El conflicto se remonta a septiembre de 2025, cuando durante una asamblea comunitaria vecinos exigieron la renuncia del jefe edil por supuestas irregularidades en su gestión.
Posteriormente, tras una resistencia de 39 días liderada por autoridades Tz’utujiles, el Tribunal Supremo Electoral lo removió del cargo y acreditó en su lugar al concejal primero, Andrés Ajuchán.
Sin embargo, hace dos días la Corte Suprema de Justicia resolvió a favor de Coché y ordenó su reinstalación, por lo que el máximo ente electoral le permitió retomar sus funciones.
Según información de la Policía Nacional Civil, pobladores permanecen concentrados en el parque central y no han permitido el ingreso del alcalde para asumir nuevamente el cargo. Aunque en las primeras horas del día los accesos al municipio estuvieron cerrados, posteriormente fueron habilitados; no obstante, la presencia de vecinos en el centro de la localidad continúa.

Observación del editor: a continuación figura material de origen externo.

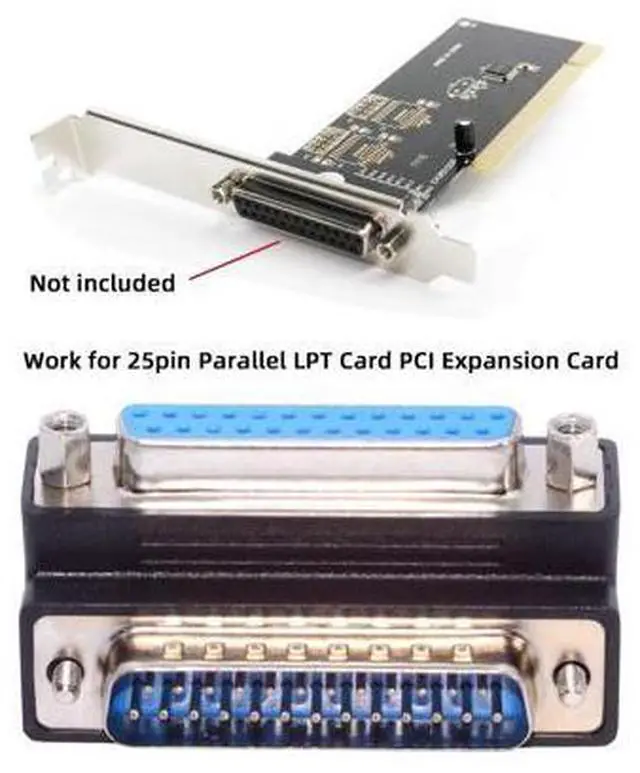 Alt view image 2 of 7 - DSUB Parallel LPT AES/EBU DB25pin Male Nut to Female Screw Extension Adapter DB Connector Down 90 Degree Angled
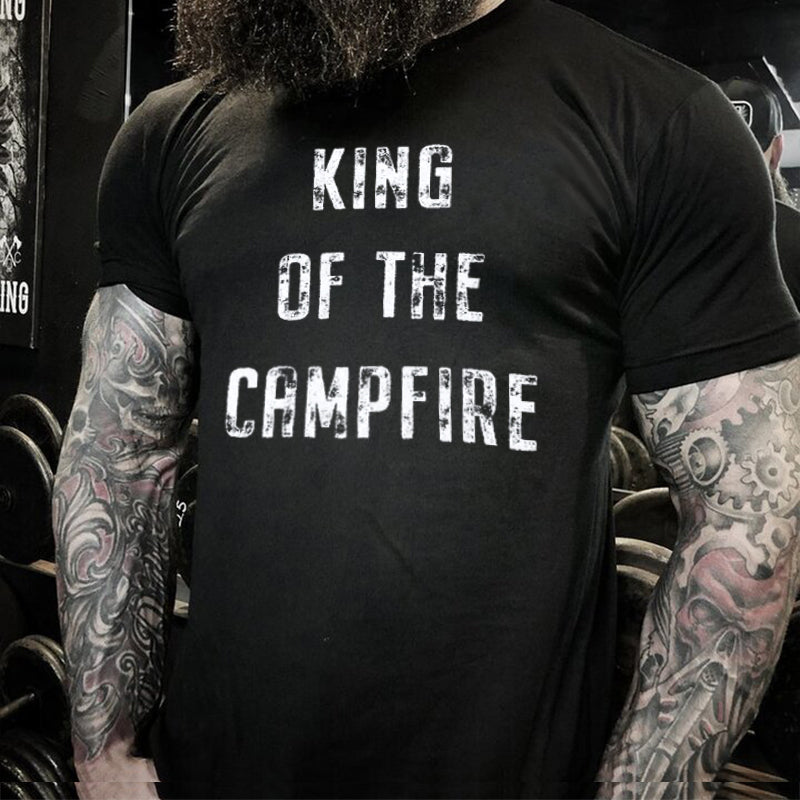 Livereid King Of The Campfire Letter T-Shirt - chicyea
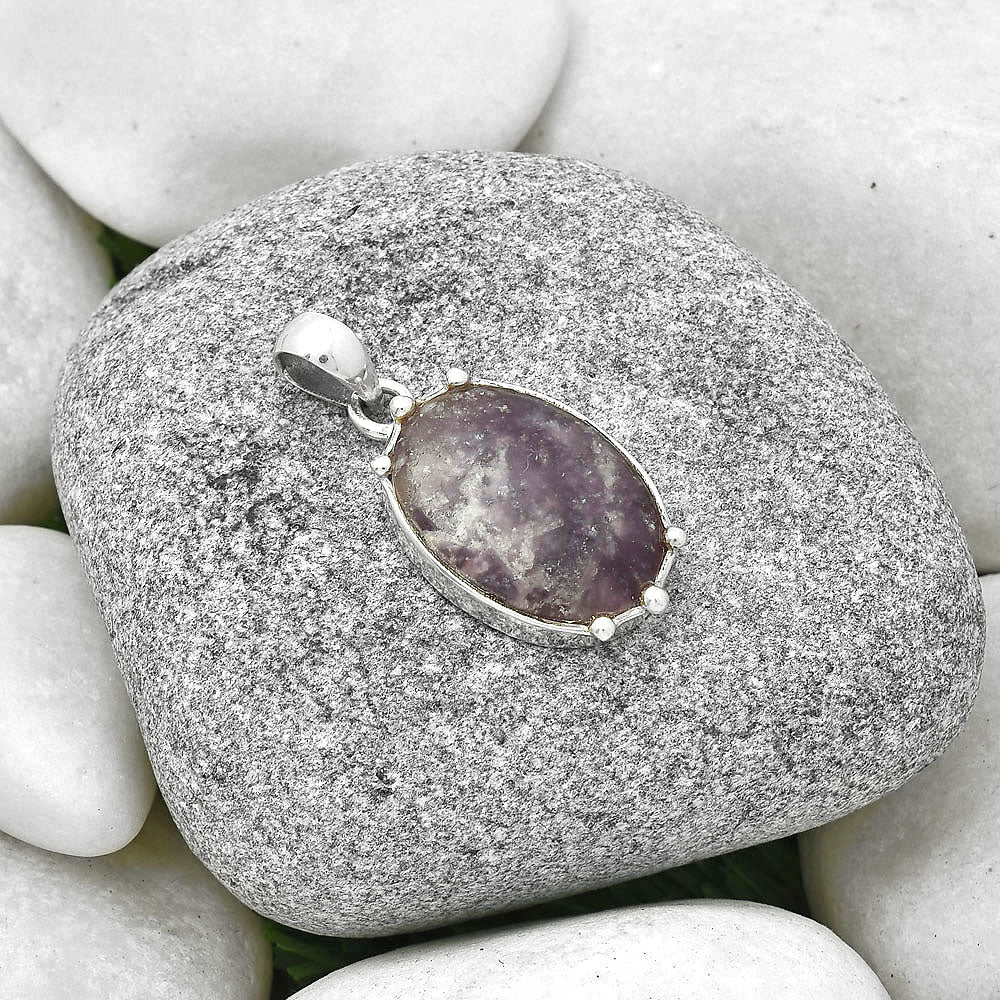 Natural Purple Lepidolite Pendant P-1349 SDP127526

Tras una asamblea del Concejo Municipal y de las autoridades ancestrales, el cargo había sido declarado vacante, por lo que el funcionario no retomó funciones en su momento. Los concejales y síndicos actuales han manifestado públicamente su rechazo al regreso de Coché, lo que anticipa que la tensión en el edificio municipal podría persistir.
Por su parte, el Instituto Guatemalteco de Turismo (Inguat) emitió un comunicado en el que recomienda evitar visitar el municipio debido a la situación de orden público. No obstante, algunos pobladores aseguraron que la situación no afecta su relación con los visitantes y reiteraron que Santiago Atitlán continúa siendo un territorio pacífico.
Aunque el paso hacia el municipio se encuentra habilitado por ahora, las autoridades advierten que el escenario podría cambiar si se producen intentos de desalojo o si el alcalde intenta asumir el cargo de manera presencial, en medio de un clima que sigue siendo incierto.